Beschluss vom 10. November 2022 - 1 BvR 1941/22
ECLI | ECLI:DE:BVerfG:2022:rk20221110.1bvr194122 |
Date | 10 Noviembre 2022 |
Judgement Number | 1 BvR 1941/22 |
Citation | BVerfG, Beschluss der 1. Kammer des Ersten Senats vom 10. November 2022 - 1 BvR 1941/22 -, Rn. 1-28, |
Court | Constitutional Court (Germany) |
BUNDESVERFASSUNGSGERICHT
- 1 BvR 1941/22 -
über
die Verfassungsbeschwerde
des Herrn (…), |
gegen |
den Beschluss des Landgerichts Berlin vom 12. September 2022 - 27 O 367/22 - |
hat die 1. Kammer des Ersten Senats des Bundesverfassungsgerichts durch
den Präsidenten Harbarth
und die Richterinnen Ott,
Härtel
am 10. November 2022 einstimmig beschlossen:
- Es wird festgestellt, dass der Beschluss des Landgerichts Berlin vom 12. September 2022 - 27 O 367/22 - den Beschwerdeführer in seinem grundrechtsgleichen Recht auf prozessuale Waffengleichheit gemäß Artikel 3 Absatz 1 in Verbindung mit Artikel 20 Absatz 3 des Grundgesetzes verletzt.
- Das Land Berlin hat dem Beschwerdeführer seine notwendigen Auslagen im Verfassungsbeschwerdeverfahren zu erstatten.

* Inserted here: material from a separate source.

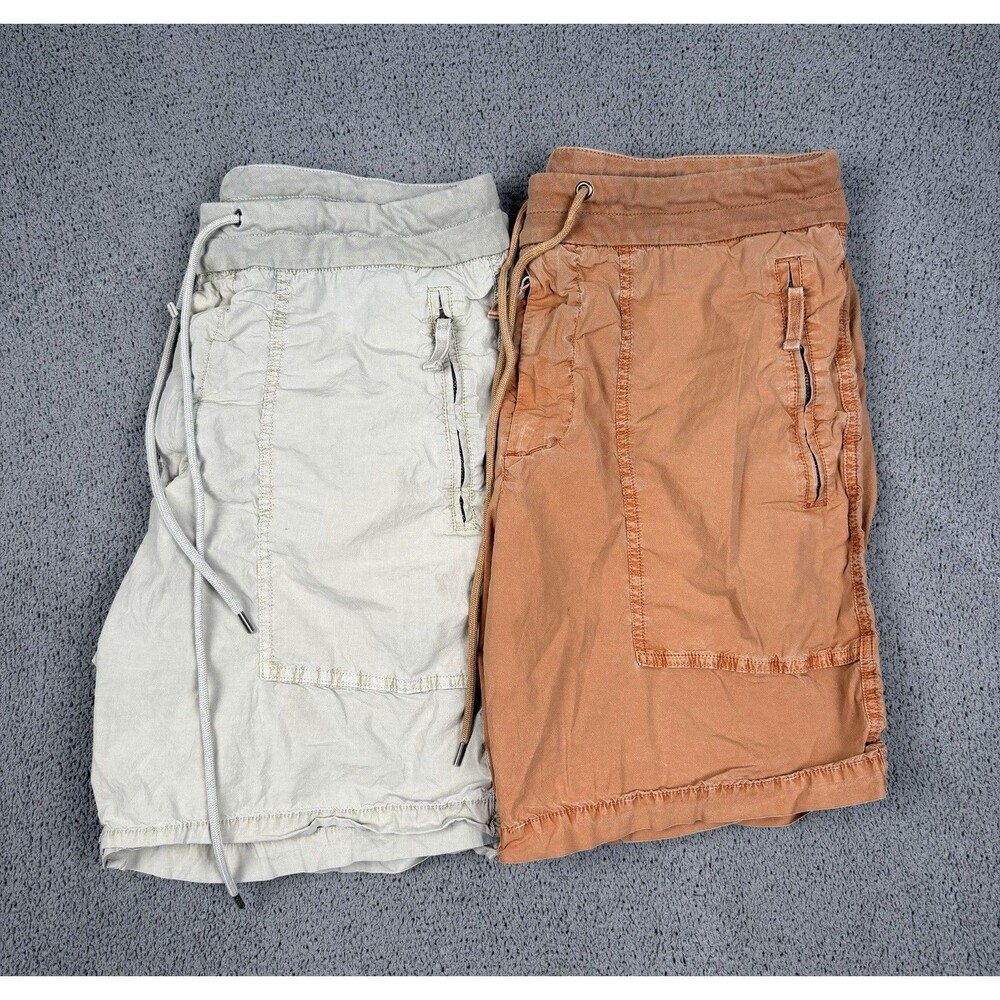 Lot Of 2 James Perse Shorts Womens 3 Orange Beige Cargo Pockets Drawstring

- Der Wert des Gegenstands der anwaltlichen Tätigkeit wird für das Verfassungsbeschwerdeverfahren auf 25.000 Euro (in Worten: fünfundzwanzigtausend Euro) festgesetzt.
I.
Mit seiner Verfassungsbeschwerde wendet sich der Beschwerdeführer gegen eine durch das Landgericht Berlin ohne vorherige Anhörung erlassene einstweilige Verfügung, mit der ihm eine durch E-Mail an den Rundfunk (…) am 26. August 2022 gerichtete Äußerung über den Antragsteller des Ausgangsverfahrens (im Folgenden: Antragsteller), einen Rechtsanwalt, untersagt wurde.
1. Der Beschwerdeführer ist als Syndikusrechtsanwalt Justiziar des (…)-Verlags und nebenberuflich in geringem Umfang als selbständiger Rechtsanwalt in (…) tätig. Anlässlich von Recherchen in Bezug auf den Komplex um die entlassene Intendantin des (…) richtete der Beschwerdeführer als Justiziar des (…)-Verlags am 26. August 2022 unter Verwendung seiner persönlichen Verlags-Adresse eine E-Mail an den (…), in der er mehrere Fragen der Redaktion zum Mandatsverhältnis zwischen dem (…) und dem Antragsteller übermittelte. Die vom Antragsteller gerügte Äußerung des Beschwerdeführers gegenüber dem (…) lautete:
Wie bewerten Sie den Umstand, dass sich (…) als Anwalt des (…) anscheinend (weiterhin) mit (…) privat trifft, die in der gesamten Angelegenheit von Anfang an den Interessen des (…) zuwiderlaufende Interessen gehabt haben dürfte?
Die weiteren Fragen zielten unter anderem darauf ab, wer die Entscheidung getroffen habe, (…) zu mandatieren, weshalb dies geschehen sei, und ob der (…) eine erneute Mandatierung beabsichtige.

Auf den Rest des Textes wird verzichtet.